Um ihre Thesen zu beweisen, müssten Spatt und Wolfradt
allerdings Testpersonen im Augenblick des Déjà-vu einem
Gehirnscan unterziehen – und ein Bild der verdächtigten
Gehirnregionen in Aktion liefern.
Positronen-Emmissions-Tomographen oder Kernspintomographen
kämen dafür in Betracht. „Aber man müsste schon sehr viel
Glück haben, vor allem bei ganz gesunden Personen“, sagt
Spatt. Der Plan grenzt an Unmöglichkeit. Forscher wie Alan
Brown versuchen daher zunächst ohne Tomographen ihr Glück –
mit kalkulierbaren Versuchen. Sie wollen unter anderem
herausfinden, wie sich ein Déjà-vu-artiges Gefühl falscher
Vertrautheit in Erinnerungsexperimenten erzeugen lässt.
Lassen sich damit einmal Déjà-vus wie auf Knopfdruck
einstellen, ließe sich vielleicht zugleich ein Hirnscan
vornehmen.
Brown zum Beispiel legt seinen Studenten markierte Fotos
von verschiedenen Universitätsgeländen vor, bis sie darin
eingezeichnete Kreuze erkennen. Die ausgesuchten Plätze
hätten seine Studenten nie zuvor besucht, berichtet Brown.
Eine Woche später jedoch seien die Studenten der
gegenteiligen Ansicht gewesen: als Brown ihnen einige der
Fotos, nun ohne Markierungen und vermischt mit neuen
Bildern, auf den Tisch legte. Auf die Frage, auf welchen
Plätzen sie schon einmal gewesen seien, zeigten einige
Studenten auf die Bilder, deren markierte Versionen sie
eine Woche zuvor inspiziert hatten. „Sie glaubten, sich
tatsächlich schon einmal auf diesen Plätze befunden zu
haben – fast wie bei einem richtigen Déjà-vu“, sagt Brown.
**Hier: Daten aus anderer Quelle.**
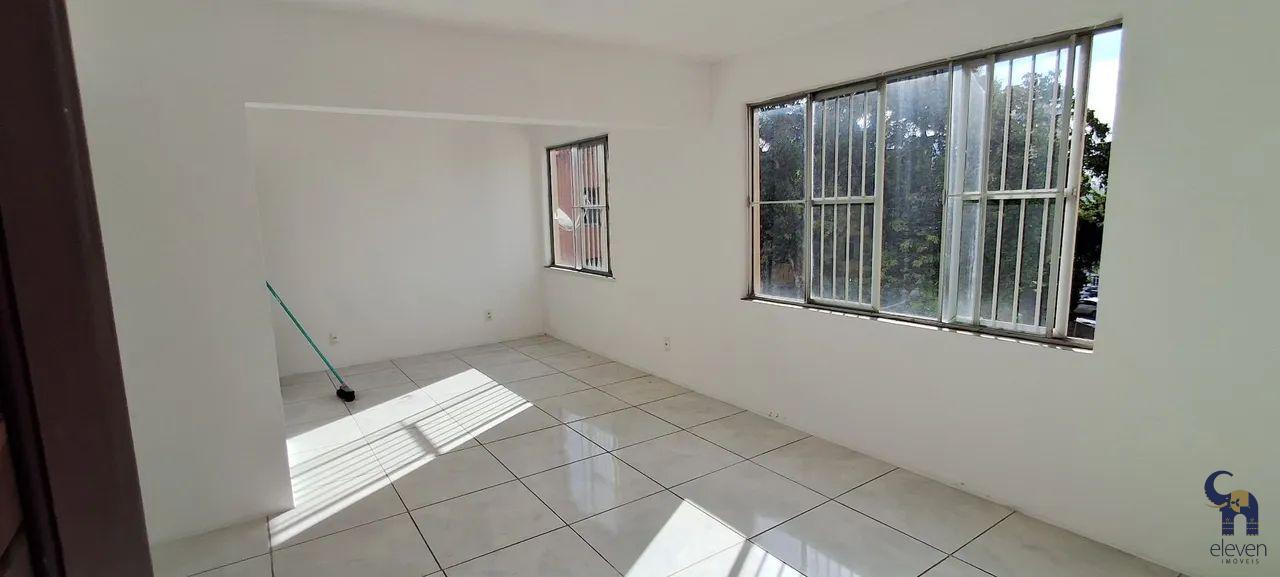 Apartamento à venda com 3 quartos, 82m² - Foto 2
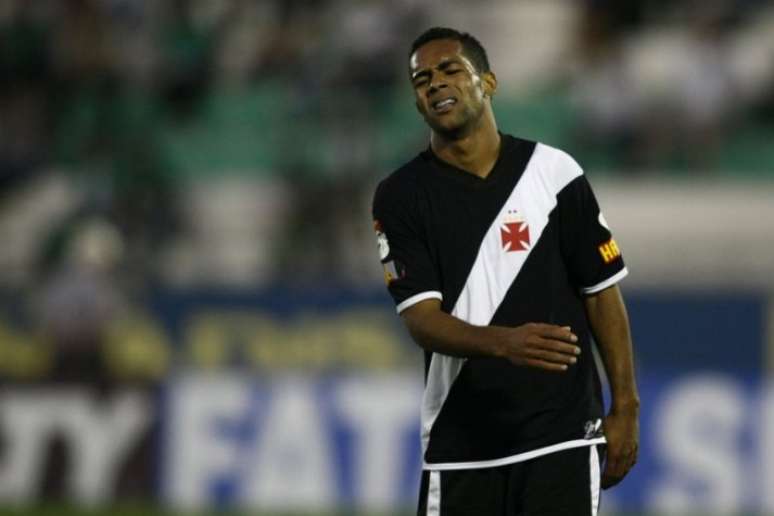 Alex Teixeira era uma promessa de 18 anos quando apareceu no Vasco (Foto: Tom Dib/Lancepress)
Damit sieht er die These von der falsch verknüpften
Erinnerung erhärtet: Etwas schon einmal Erlebtes wird im
Moment eines neuen Eindrucks fälschlich mit dem neuen
Eindruck verknüpft. Einer falschen Vertrautheit durch den
parahippokampalen Cortex im Sinne Spatts jedenfalls scheint
die Annahme nicht zu widersprechen.
Auch andere Forscher glauben zu wissen, wie man dem
Phänomen mit Hilfe von Versuchen auf die Spur kommen kann.
So lasse sich etwa das dem Déjà-vu verwandte, noch viel
seltenere Gefühl des Jamais-vu (französisch für „noch nie
gesehen“), bei dem Bekanntes gänzlich fremd erscheint,
ebenfalls künstlich erzeugen: „zumindest ein ähnliches
Gefühl“, sagt Wolfradt. „Sehen sie sich zum Beispiel ganz
lange ihre eigene Hand an, irgendwann kommt sie ihnen fremd
vor.“
Eine Umfrage Wolfradts unter seinen Studenten, wer dieses
Gefühl bereits kenne, ergab: „Es scheint eher Menschen zu
treffen, die emotional labiler sind, introvertiert oder
einen starken Glauben an übernatürliche Kräfte besitzen.“
Déjà-vu-Erlebnisse jedoch entziehen sich solchen
individuellen Einordnungen stärker.
Nahezu jeden Menschen kann das Gefühl der falschen
Vertrautheit ergreifen, wenn Schläfenlappen oder
parahippokampaler Cortex Fehlsignale senden – in jedem
Moment. Auch beim Lesen dieser Zeilen zum Beispiel, an
diesem Ort, in diesem Moment. Haben Sie vielleicht gerade
das Gefühl, sie hätten diese Zeilen schon einmal gelesen?